In another embodiment, the differences in the amino acid sequence encoded by the polynucleotide and SEQ ID NO: 2 are conservative amino acid changes.
In other aspects, the present invention provides an expression vector comprising the following operably linked elements: a transcription promoter; a DNA segment comprising the isolated polynucleotide sequence that encodes a connective tissue growth factor homolog polypeptide that is at least 70% identical to the amino acid sequence as shown in SEQ ID NO: 2 from residue 24 to residue 354; and a transcription terminator and a cultured host cell into which has been introduced the expression vector.
In another embodiment, the present invention provides a method of producing a connective tissue growth factor homolog polypeptide comprising: (a) culturing the host cells of expressing the CTGF homolog polypeptide; and (b) isolating the connective tissue growth factor homolog polypeptide from the cultured host cells.
In another aspect, the present invention provides an isolated connective tissue growth factor polypeptide comprising an amino acid sequence that is at least 70% identical to the amino acid sequence as shown in SEQ ID NO: 2 from residue 24 to residue 354.
In other embodiments, the present invention provides CTGF homolog polypeptides wherein the amino acid sequence is at least 80% or 90% identical.
In another embodiment, the CTGF homolog polypeptide molecule comprises a region having the following motif as shown in SEQ ID NO: 23:
Cx{8,10}CxCCxxCx{7}Cx{5,6}Cx{5,7}Cx{12,13}Cx{7,8}Cx{20}CxCx{6}Cx{12,14}Cx{13,17}C
wherein x{ } is the number of amino acid residues between cysteines (C).
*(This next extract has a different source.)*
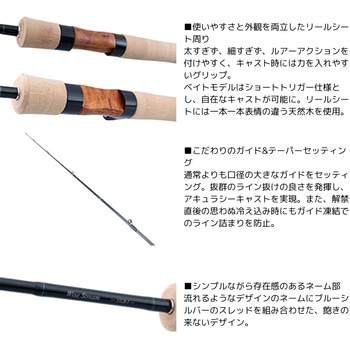 ワイズストリーム DAIWA(ダイワ)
In another aspect, the present invention provides an antibody or antibody fragment that specifically binds with the CTGF homolog polypeptide.
In another aspect, the present invention provides a method of detecting the presence of connective tissue growth factor homolog polypeptide in a biological sample, comprising the steps of: (a) contacting the biological sample with an antibody, or an antibody fragment of claim 14, wherein the contacting is performed under conditions that allow the binding of the antibody or antibody fragment to the biological sample, and (b) detecting any of the bound antibody or bound antibody fragment.
In another aspect, the present invention provides an anti-idiotype antibody, or anti-idiotype antibody fragment, that specifically binds with the antibody or antibody fragment.
In another aspect, the present invention provides a method of detecting a chromosome 6q abnormality in sample from an individual comprising: (a) obtaining zCTGF4 RNA from the sample; (b) generating zCTGF4 cDNA by polymerase chain reaction; and (c) comparing the nucleic acid sequence of the zCTGF4 cDNA to the nucleic acid sequence as shown in SEQ ID NO: 1.
In another embodiment, the present invention provides that the difference between the sequence of the zCTGF4 cDNA or zCTGF4 gene in the sample and the zCTGF4 sequence as shown in SEQ ID NO: 1 is indicative of chromosome 6q abnormality.